(Web page caption snippets)

+++

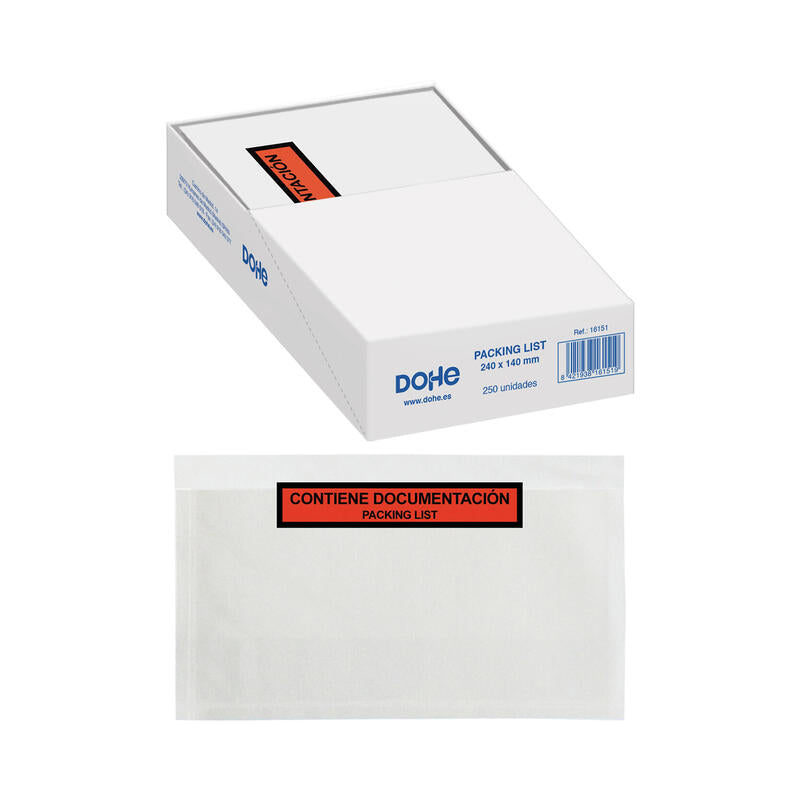 Dohe Caja De 250 Sobres Autoadhesivos Packing List - Medidas 240 X140mm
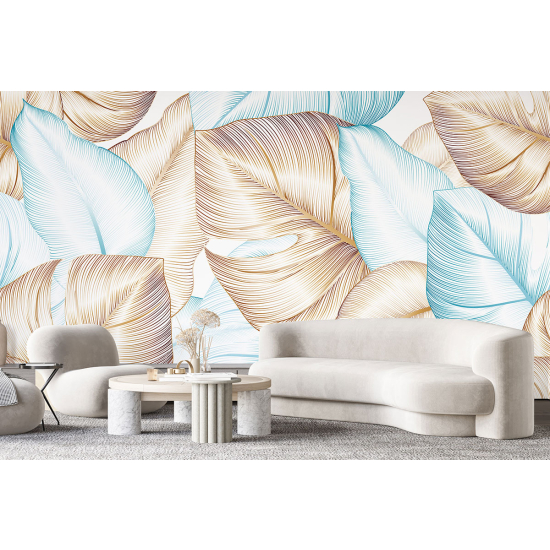 Papel pintado panorámico - Hojas tropicales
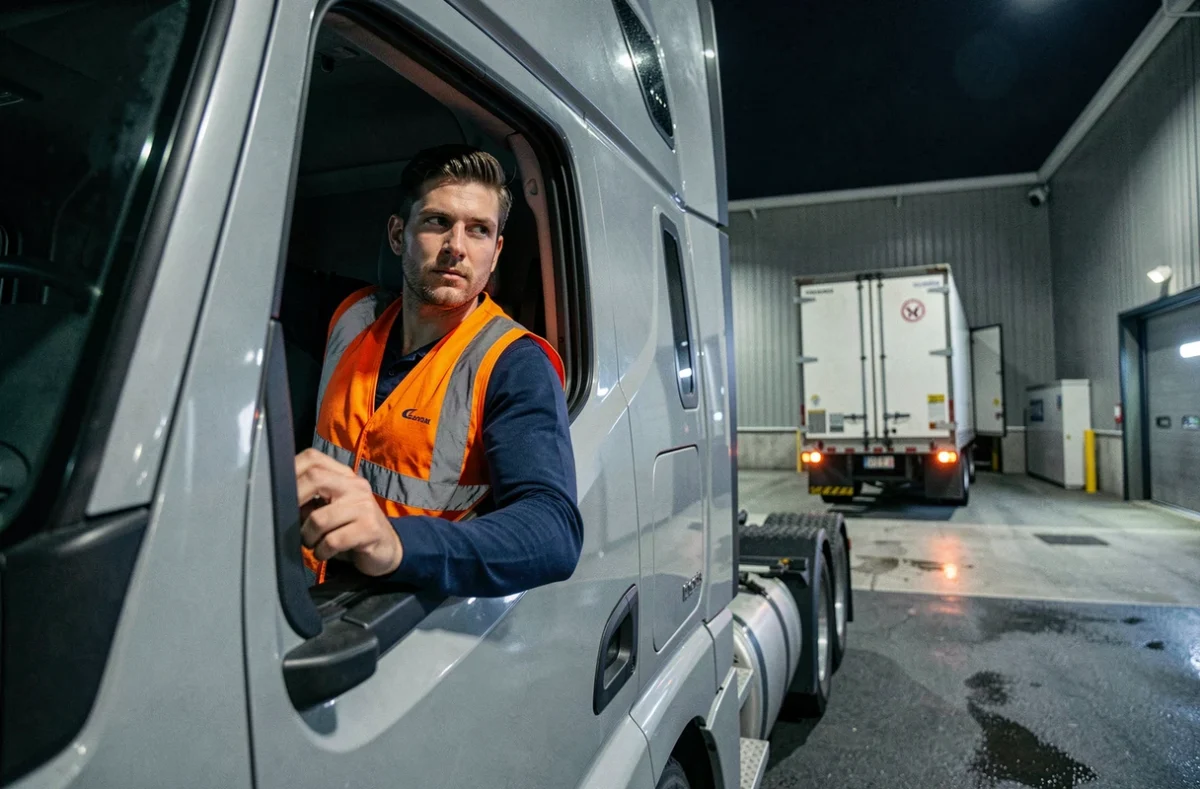Jeune chauffeur poids lourd débutant montant dans la cabine de son camion la nuit dans un dépôt logistique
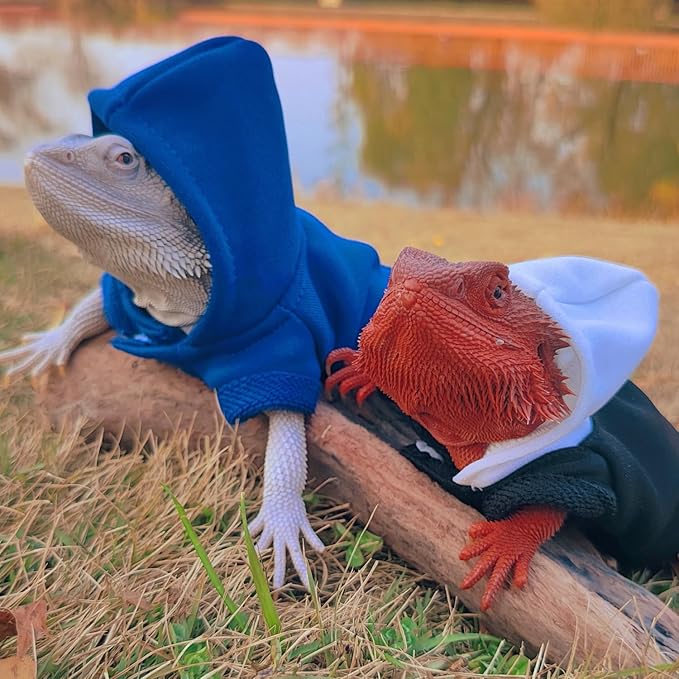 Lizards Clothes for Bearded Dragon - Handmade Cotton Hoodies Warm Sweater Coat Reptiles Apparel Costume Skin Protection Photo for Lizard Bearded Dragon Crested Gecko Chameleon (Blue,Large) SEZDEKI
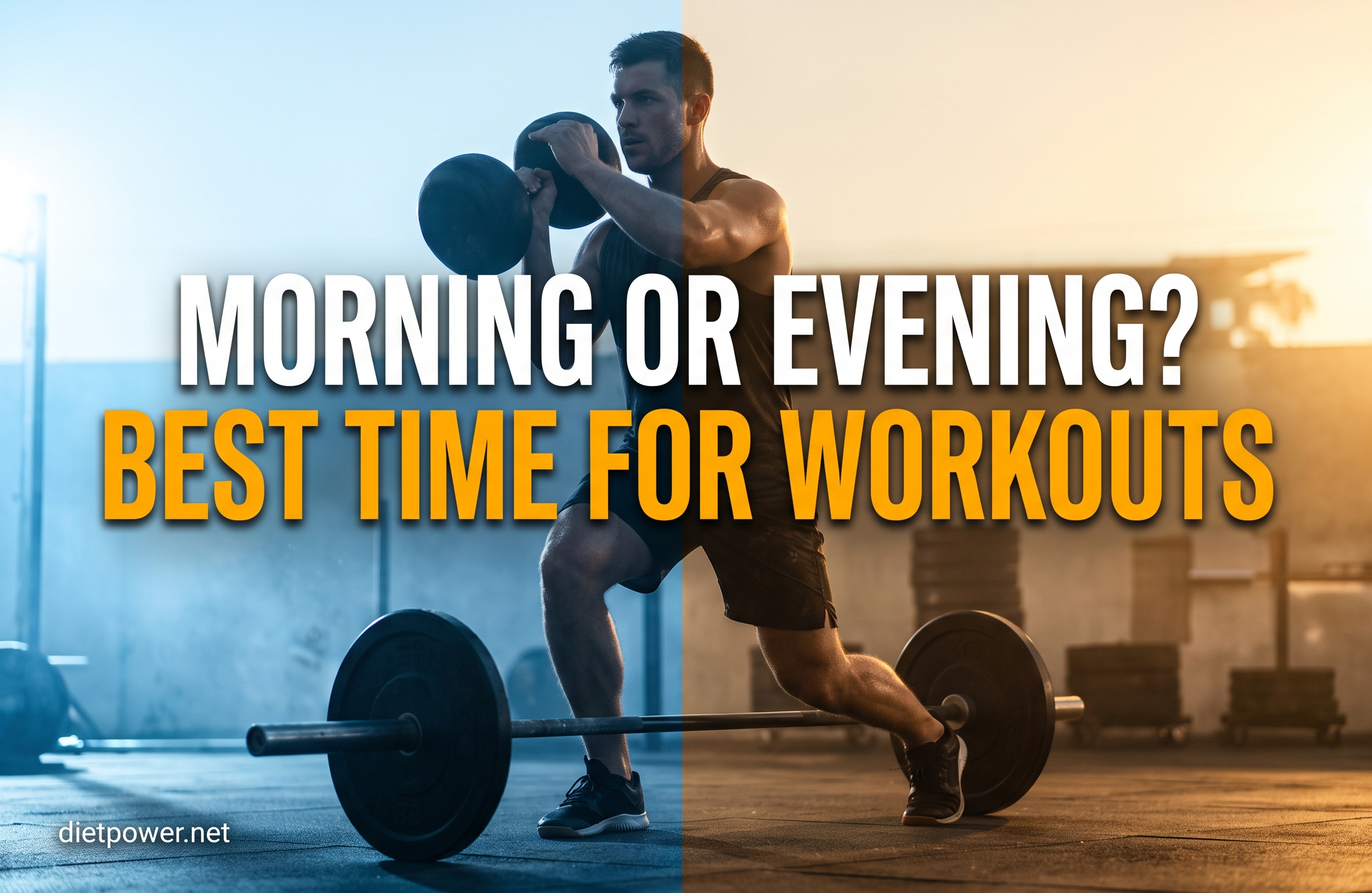A split visual of morning and evening workout settings representing nutrient timing for fasted lifters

+++

__What the task requires__: Give the records again exactly, pictures left out.

__Expected answer__:
 Dohe Caja De 250 Sobres Autoadhesivos Packing List - Medidas 240 X140mm
 Papel pintado panorámico - Hojas tropicales
Jeune chauffeur poids lourd débutant montant dans la cabine de son camion la nuit dans un dépôt logistique
 Lizards Clothes for Bearded Dragon - Handmade Cotton Hoodies Warm Sweater Coat Reptiles Apparel Costume Skin Protection Photo for Lizard Bearded Dragon Crested Gecko Chameleon (Blue,Large) SEZDEKI
A split visual of morning and evening workout settings representing nutrient timing for fasted lifters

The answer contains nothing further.